Record excerpts START

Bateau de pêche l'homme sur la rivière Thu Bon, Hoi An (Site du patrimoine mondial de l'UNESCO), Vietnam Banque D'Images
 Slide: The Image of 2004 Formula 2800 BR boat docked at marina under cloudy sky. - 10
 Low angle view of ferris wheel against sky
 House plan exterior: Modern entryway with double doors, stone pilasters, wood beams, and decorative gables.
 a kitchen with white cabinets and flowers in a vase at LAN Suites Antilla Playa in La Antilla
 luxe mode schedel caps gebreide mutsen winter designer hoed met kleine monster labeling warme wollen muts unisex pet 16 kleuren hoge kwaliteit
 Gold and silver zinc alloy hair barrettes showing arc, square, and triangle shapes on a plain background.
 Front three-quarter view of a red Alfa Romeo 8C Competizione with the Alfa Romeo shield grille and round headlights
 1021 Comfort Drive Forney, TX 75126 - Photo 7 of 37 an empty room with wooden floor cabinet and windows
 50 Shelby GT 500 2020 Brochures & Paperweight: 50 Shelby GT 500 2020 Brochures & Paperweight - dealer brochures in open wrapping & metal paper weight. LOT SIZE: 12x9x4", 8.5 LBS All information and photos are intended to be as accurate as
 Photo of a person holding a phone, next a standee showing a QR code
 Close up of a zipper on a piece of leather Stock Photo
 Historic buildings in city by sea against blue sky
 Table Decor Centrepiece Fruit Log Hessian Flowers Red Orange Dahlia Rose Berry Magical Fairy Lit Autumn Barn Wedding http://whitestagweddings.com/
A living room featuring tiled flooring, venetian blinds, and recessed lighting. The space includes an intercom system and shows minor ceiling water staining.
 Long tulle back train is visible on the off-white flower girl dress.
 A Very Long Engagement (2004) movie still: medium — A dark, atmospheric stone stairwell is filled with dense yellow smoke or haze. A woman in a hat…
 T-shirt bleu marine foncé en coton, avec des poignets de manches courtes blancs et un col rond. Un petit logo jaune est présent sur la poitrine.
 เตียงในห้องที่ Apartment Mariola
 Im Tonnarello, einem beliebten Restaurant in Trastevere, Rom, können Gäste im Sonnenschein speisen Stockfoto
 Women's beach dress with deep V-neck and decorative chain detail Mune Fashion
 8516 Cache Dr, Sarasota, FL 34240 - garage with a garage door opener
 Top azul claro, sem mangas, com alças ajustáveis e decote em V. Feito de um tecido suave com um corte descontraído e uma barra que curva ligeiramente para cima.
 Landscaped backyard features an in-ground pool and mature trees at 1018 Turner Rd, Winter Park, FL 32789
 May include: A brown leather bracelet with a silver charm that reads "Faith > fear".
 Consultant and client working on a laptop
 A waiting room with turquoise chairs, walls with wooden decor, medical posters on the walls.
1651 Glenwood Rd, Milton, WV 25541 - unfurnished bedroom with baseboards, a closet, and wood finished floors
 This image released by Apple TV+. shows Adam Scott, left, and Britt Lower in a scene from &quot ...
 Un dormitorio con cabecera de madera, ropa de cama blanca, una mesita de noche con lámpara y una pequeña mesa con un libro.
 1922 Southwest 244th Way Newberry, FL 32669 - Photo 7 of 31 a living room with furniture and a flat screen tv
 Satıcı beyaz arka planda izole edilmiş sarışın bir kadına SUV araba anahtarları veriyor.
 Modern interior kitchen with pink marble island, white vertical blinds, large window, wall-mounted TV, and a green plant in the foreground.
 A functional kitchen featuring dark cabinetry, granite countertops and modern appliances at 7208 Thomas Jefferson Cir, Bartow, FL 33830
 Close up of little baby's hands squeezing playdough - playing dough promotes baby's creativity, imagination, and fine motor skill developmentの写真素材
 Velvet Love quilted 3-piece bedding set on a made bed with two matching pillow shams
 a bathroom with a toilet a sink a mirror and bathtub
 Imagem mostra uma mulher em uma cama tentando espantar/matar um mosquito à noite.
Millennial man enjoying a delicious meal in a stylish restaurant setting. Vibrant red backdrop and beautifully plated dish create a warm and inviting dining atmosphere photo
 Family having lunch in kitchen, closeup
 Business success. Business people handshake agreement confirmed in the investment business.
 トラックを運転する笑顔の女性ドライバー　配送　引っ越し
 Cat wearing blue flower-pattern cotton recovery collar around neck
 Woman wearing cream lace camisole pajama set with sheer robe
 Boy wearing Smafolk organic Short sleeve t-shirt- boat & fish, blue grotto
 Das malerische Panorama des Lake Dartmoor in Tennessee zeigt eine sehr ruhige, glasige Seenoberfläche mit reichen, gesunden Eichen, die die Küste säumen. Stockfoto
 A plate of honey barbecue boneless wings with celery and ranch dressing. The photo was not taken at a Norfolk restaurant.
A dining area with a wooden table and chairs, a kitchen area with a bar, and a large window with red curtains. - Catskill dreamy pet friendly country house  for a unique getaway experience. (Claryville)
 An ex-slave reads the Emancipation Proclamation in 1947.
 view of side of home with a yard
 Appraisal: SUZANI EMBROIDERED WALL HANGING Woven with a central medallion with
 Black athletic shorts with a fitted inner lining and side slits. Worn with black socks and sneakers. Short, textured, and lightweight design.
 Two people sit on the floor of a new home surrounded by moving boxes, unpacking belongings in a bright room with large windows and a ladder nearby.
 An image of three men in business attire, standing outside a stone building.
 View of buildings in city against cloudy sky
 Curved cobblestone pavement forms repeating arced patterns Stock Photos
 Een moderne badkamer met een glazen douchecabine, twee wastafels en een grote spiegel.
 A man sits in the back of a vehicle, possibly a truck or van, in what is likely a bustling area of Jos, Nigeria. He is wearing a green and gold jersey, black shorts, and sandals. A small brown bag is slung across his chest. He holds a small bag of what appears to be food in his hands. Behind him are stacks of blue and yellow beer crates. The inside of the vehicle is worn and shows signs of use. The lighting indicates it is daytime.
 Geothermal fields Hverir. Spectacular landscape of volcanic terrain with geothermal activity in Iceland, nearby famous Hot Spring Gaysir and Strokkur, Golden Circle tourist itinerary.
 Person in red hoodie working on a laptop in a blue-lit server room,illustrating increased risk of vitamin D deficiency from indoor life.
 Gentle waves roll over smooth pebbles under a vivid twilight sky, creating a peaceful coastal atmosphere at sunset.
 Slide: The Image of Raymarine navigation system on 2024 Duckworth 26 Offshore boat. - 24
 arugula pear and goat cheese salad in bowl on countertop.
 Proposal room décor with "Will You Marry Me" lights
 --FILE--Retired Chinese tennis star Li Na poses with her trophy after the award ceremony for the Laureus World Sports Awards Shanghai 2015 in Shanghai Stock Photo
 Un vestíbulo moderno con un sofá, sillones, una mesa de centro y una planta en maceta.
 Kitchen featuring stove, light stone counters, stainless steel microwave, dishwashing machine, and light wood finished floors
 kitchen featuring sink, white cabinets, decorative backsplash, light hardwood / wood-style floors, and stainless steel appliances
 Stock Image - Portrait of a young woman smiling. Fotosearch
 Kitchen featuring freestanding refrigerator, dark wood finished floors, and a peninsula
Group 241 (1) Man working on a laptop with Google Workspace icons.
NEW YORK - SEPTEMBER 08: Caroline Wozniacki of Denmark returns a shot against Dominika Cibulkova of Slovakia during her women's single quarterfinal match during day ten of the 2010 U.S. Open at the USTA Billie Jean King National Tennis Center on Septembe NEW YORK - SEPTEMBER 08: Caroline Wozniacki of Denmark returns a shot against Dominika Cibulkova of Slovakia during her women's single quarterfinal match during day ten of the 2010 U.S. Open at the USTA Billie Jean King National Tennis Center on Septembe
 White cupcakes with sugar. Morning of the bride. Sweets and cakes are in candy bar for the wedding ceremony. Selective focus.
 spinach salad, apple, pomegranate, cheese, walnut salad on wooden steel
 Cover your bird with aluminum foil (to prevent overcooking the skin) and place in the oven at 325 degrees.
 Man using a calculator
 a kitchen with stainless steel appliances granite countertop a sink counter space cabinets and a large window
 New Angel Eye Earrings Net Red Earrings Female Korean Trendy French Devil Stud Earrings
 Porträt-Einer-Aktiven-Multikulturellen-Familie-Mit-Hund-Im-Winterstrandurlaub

Record excerpts END

In the entries above, find the line with "Low angle view of ferris wheel against sky" and the line with "Women's beach dress", then set down exactly those two and every line between them, nothing else.

Task result:
 Low angle view of ferris wheel against sky
 House plan exterior: Modern entryway with double doors, stone pilasters, wood beams, and decorative gables.
 a kitchen with white cabinets and flowers in a vase at LAN Suites Antilla Playa in La Antilla
 luxe mode schedel caps gebreide mutsen winter designer hoed met kleine monster labeling warme wollen muts unisex pet 16 kleuren hoge kwaliteit
 Gold and silver zinc alloy hair barrettes showing arc, square, and triangle shapes on a plain background.
 Front three-quarter view of a red Alfa Romeo 8C Competizione with the Alfa Romeo shield grille and round headlights
 1021 Comfort Drive Forney, TX 75126 - Photo 7 of 37 an empty room with wooden floor cabinet and windows
 50 Shelby GT 500 2020 Brochures & Paperweight: 50 Shelby GT 500 2020 Brochures & Paperweight - dealer brochures in open wrapping & metal paper weight. LOT SIZE: 12x9x4", 8.5 LBS All information and photos are intended to be as accurate as
 Photo of a person holding a phone, next a standee showing a QR code
 Close up of a zipper on a piece of leather Stock Photo
 Historic buildings in city by sea against blue sky
 Table Decor Centrepiece Fruit Log Hessian Flowers Red Orange Dahlia Rose Berry Magical Fairy Lit Autumn Barn Wedding http://whitestagweddings.com/
A living room featuring tiled flooring, venetian blinds, and recessed lighting. The space includes an intercom system and shows minor ceiling water staining.
 Long tulle back train is visible on the off-white flower girl dress.
 A Very Long Engagement (2004) movie still: medium — A dark, atmospheric stone stairwell is filled with dense yellow smoke or haze. A woman in a hat…
 T-shirt bleu marine foncé en coton, avec des poignets de manches courtes blancs et un col rond. Un petit logo jaune est présent sur la poitrine.
 เตียงในห้องที่ Apartment Mariola
 Im Tonnarello, einem beliebten Restaurant in Trastevere, Rom, können Gäste im Sonnenschein speisen Stockfoto
 Women's beach dress with deep V-neck and decorative chain detail Mune Fashion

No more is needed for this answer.